Steuerzahler als niederster Dienstleister
Wer hinhört, nimmt das allgegenwärtige Murren durchaus wahr. Politisch wird die Lage trotzdem systematisch unterschätzt. Steigende Kosten gesellen sich zu steigenden Sozialbeiträgen und Abgaben, sodass vom Brutto immer weniger übrig bleibt. Wohnen, Energie, Lebensmittel, alles wird teurer. Froh kann sein, wer angesichts der Deindustrialisierung überhaupt noch einen halbwegs sicheren Job hat. Die Straßen werden unsicherer, der Werteverfall scheint allgegenwärtig. Die Bildungsmisere leider auch. Die Infrastruktur bröckelt vor sich hin. Dazu herrschen noch immer Spaltung und moralischer Dauerdruck: Wehe, man kritisiert die Zustände! Man wird doch wohl nicht rechtsextrem sein? Und als unappetitliche Sauerkirschen auf der Torte posieren Politiker wie Friedrich Merz, die einem vorhalten, man würde zu wenig arbeiten und zu viel jammern. Es mag Regierende in ihrem kuscheligen Elfenbeinturm überraschen, doch motivierend wirkt das alles nicht.

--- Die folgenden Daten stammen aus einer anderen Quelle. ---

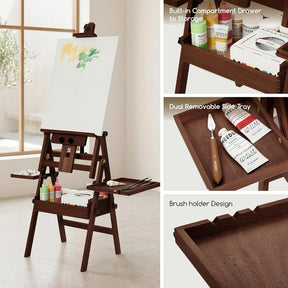 MEEDEN Painting Easel with Storage: H-Frame Beech Wood Art Easel - Dark Walnut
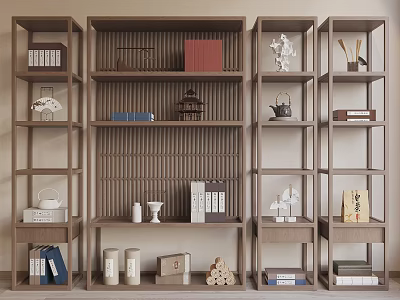 Chinese Style Wooden Display Shelf With Books Tea Sets And Decorative Items 3d model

Wer funktioniert, leistet und anständig ist, hat davon… Nichts. Jedenfalls nichts, was im Verhältnis zu dem stünde, was einem genommen wird. Würde man in einem ausgewiesenen Entwicklungsland leben, könnte man die Gegebenheiten vielleicht mit einem Schulterzucken und einer gewissen Gelassenheit hinnehmen. Doch wer noch weiß, wie es sich in Deutschland früher leben ließ (also zu Zeiten, als es noch nicht das „beste Deutschland“ war), tut sich damit verständlicherweise schwer. Der Abstieg war immerhin nicht Schuld der Bürger, sondern der Politik, die sich entschlossen hat, die Interessen der Eigenen vollends in den Wind zu schießen.

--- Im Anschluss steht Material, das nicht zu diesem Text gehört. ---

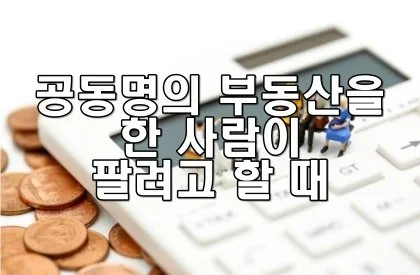 공동명의 부동산을 한 사람이 팔려고 할 때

Während der Steuerzahler offenbar zum Dienstleister niedersten Ranges erklärt wurde, zog sich der Staat schrittweise aus seinen grundlegendsten Aufgaben zurück. Innere Sicherheit, Finanzen, Bildung, Gesundheit, Infrastruktur, kaum ein Bereich, bei dessen Sichtung einem nicht bange werden kann. Während der Staat hier krachend scheitert, steigen aber die Ansprüche an den Bürger: höhere Abgaben, mehr Arbeit, mehr Gehorsam, mehr Verzicht. Man zahlt also immer mehr für einen Staat, der seine elementaren Pflichten immer schlechter erfüllt, und soll dafür auch noch dankbar sein.

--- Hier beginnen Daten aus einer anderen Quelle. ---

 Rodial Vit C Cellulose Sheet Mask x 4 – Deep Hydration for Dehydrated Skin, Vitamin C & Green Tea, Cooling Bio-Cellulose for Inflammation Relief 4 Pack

Weder auf Bundes- noch auf Landesebene hat man bislang den Knall gehört. Hier befasst man sich lieber mit Anti-AfD-Circlejerks, brandmauert gegen den Souverän, sinniert über Zensur und grübelt, wie man das Wahl- und Zahlvieh maximal auspressen kann, ohne dass dessen Geschrei dabei zu laut wird.
Rückzug
Der wackere Steuerzahler pendelt irgendwo zwischen altdeutschem Pflichtgefühl, mehr oder minder unterschwelligem Ärger und dem Impuls, sich zurückzuziehen. Manche machen weiter, andere suchen Auswege, reduzieren Stunden, fiebern der Rente entgegen, sofern sie so viel bekommen, dass sie davon leben können, oder wollen auswandern. Die Distanz zum Politikbetrieb erreicht Höchst-, das Vertrauen in ihn Tiefstwerte.
Natürlich nimmt die Bereitschaft, sich noch irgendwo zu engagieren, ab. Wofür denn auch? Für ein Land, das sich offensichtlich aufgegeben hat, eine Politik, die auf die eigene Bevölkerung pfeift? Das einzige, was die deutsche Politik bei den Bürgern nachhaltig fördert, ist innere Emigration. „Macht euren Scheiß doch alleine!“
Das ist kein privates Befindlichkeitsproblem oder gar Zeichen individueller Schwäche, sondern ein klares Ergebnis politischer (um nicht zu sagen: typisch linker) Fehlsteuerungen. Ein Staat, der sich fett frisst, hemmungslos umverteilt und sich in immer mehr Lebensbereiche einmischt, ohne seine Grundaufgaben zu erfüllen, und der immer höhere Lasten bei denen ablädt, die noch funktionieren und den Laden am Laufen halten, verdient mindestens die Milei’sche Kettensäge.
Angesichts der regelrechten Steuerzahler-Diskriminierung, die die Politiker-Kaste betreibt, beleuchten wir in dieser Reihe, dass der gebeutelte Bürger in Wahrheit noch lange nicht wütend genug ist.